Liebnitz looked round the field, hands on hips, as the sports drew to a close.

“You seem to have given these kids here a real nice time,” he said. “Most people who’d just run fifty miles through the desert would be putting their feet up today, not holding kids’ sports.”

“I wasn’t sure when Flanagan asked me,” said Kate. “But he was right. It’s been great here. I wouldn’t have missed it.”

They walked together towards a table in the centre of the arena around which the children and staff were now gathering.

“It’s so obvious, plain as the nose on your face,” said Liebnitz. “But we always tend to forget it. When you recognize effort, and achievement, then everyone’s a winner. And when you’ve got no losers, then everyone’s with you.”

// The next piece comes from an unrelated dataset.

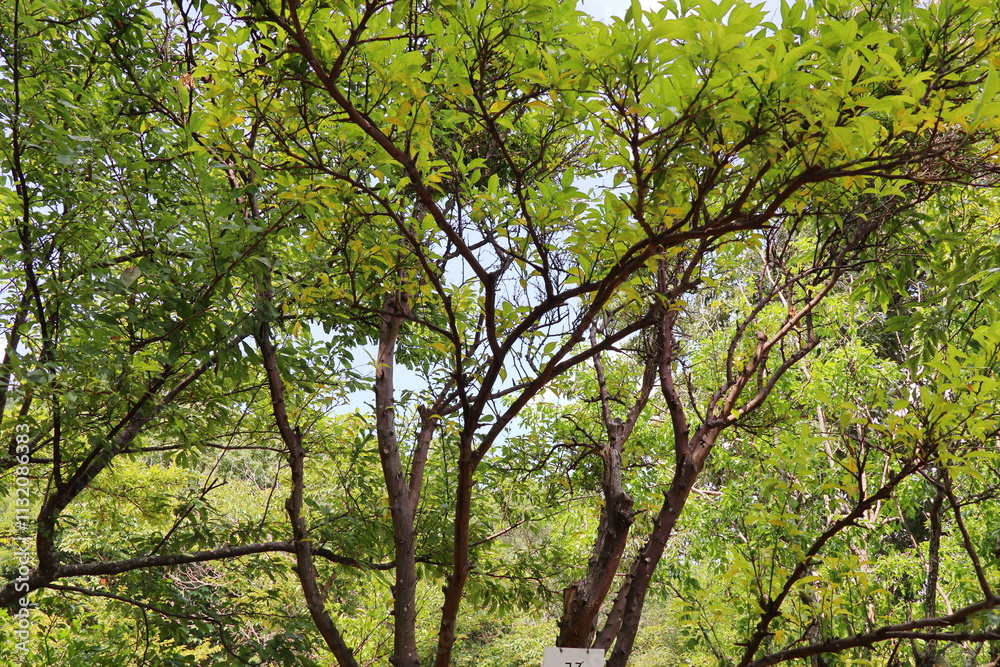 Obraz premium 公園の薬草園に植えられたユズの木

The hundred children squatted expectantly in a semi-circle in front of the table in the middle of the field in the setting sun. Behind the table stood Mother Theresa and her staff, to be joined by Morgan, Kate and Liebnitz, and a few moments later by a sweating Willard and the school caretaker, both carrying large cardboard boxes.

“Back to your groups,” shouted Morgan and in a moment the children had obediently divided into their original three divisions.

Willard dipped into the large cardboard box below him, pulled out two chocolate bars and held them above him, to the whoops of the children.

“Prize-giving,” he shouted. “Compliments of Mr Flanagan.”